Prior to the transaction, the leadership of both companies had spent time together and had really gotten to know each other. You could say we knew our competitor well. There were a number of compelling reasons to combine the companies, but it really took thinking through the financial thesis. It was a matter of “can we get to the right economics for both sides, so both Worldpay and Vantiv shareholders do well?”
Payments is a very dynamic, fast-growing industry. Worldpay and Vantiv had, for the most part, complementary businesses. As we all know, growth in online and digital payments continues to outpace total payments-market growth. The two companies together now represent the largest global payments provider, with a very diverse set of clients. The merger made sense as a revenue-growth opportunity, but just as important was achieving greater scale. Growth in global e-commerce and scale were key to the thesis behind the deal.
McKinsey: How did you set yourselves up to plan the integration?
Mark Heimbouch: The deal was announced on July 4th, 2017, and that October we brought our leadership teams together to start planning. To deliver equity value to our shareholders, we had to execute on cost savings. We went through a series of workshops, so that by the time the deal closed, in January 2018, people knew who was on the leadership team and who they were going to report to. Having that framework established made a significant impact in terms of how people thought about the business.
We also communicated to shareholders and the market that we’re going to achieve $200 million in cost synergies. We worked very quickly to set targets and frame them up prior to the closing of the deal. Establishing those goals from the outset, instead of waiting for them to develop, was a very important part of our strategy and our success thus far.

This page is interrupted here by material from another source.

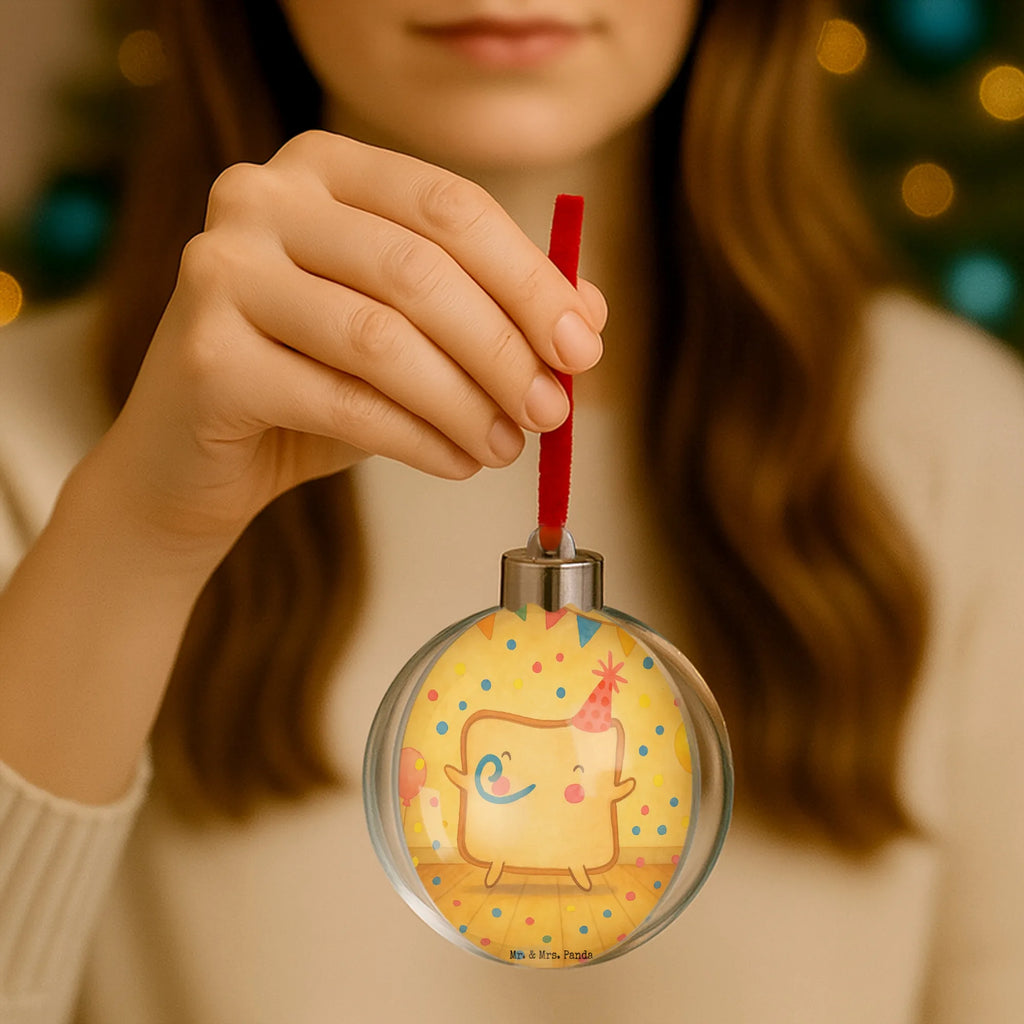 Weihnachtskugel Toast Party Design weihnachtsanhänger, baum anhänger, weihnachtsbaumkugeln, weihnachtsbaum anhänger, weihnachtsdeko kugeln, dekohänger, deko kugel, hängekugel, kunststoffkugel, plastik weihnachtskugel, Dekokugel, weihnachtskugeln, baumanhänger, weihnachtskugeln deko, christbaumkugeln, weihnachtskugel transparent, kunststoff weihnachtskugel, weihnachtsbaumkugel, dekokugeln, baumkugel, baumkugeln, christbaumkugel, Weihnachtskugel, christbaum anhänger, weihnachtskugel deko, transparente weihnachtskugel, kugel weihnachten, Freundin, Freund, Liebe, Liebesgeschenk, Jahrestag, Verlobung, Partner, Ehemann, Ehefrau, Heiraten, Heiratsantrag, Hocheitstag, Valentinstag, Geschenk für Partner, Geschenk für Freundin, für Ehemann, Hochzeitstag, für Männer, Liebesbeweis, Geschenk für Frauen, Mitbringsel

While there was alignment on the thesis, there can be lots of disagreement on how to move forward. One of the most critical things we did early in the transaction—in fact, prior to closing—was to establish an integration-management office [IMO]. This made it clear that we were going to get organized around synergies and that we were going to involve people across both organizations to deliver.
Setting targets was crucial, but it was also an instrumental way to get management from both companies organized around objectives. The IMO was the vehicle we used to manage people and process, which ultimately helps to create alignment. While senior leadership was responsible for overseeing the transaction and the outcomes, it was the IMO and people across both organizations that were critical to delivering on the expectations.
As part of the process, we pulled people from their day-to-day responsibilities so they could lead the integration. The IMO kept us organized. The goal with integration is to move as quickly as you can because you need to get on with business as usual as fast as you can. And you need to minimize disruption. January marks a year since we combined the two companies, so now we’re looking forward. How do we finish as much as possible in the second year?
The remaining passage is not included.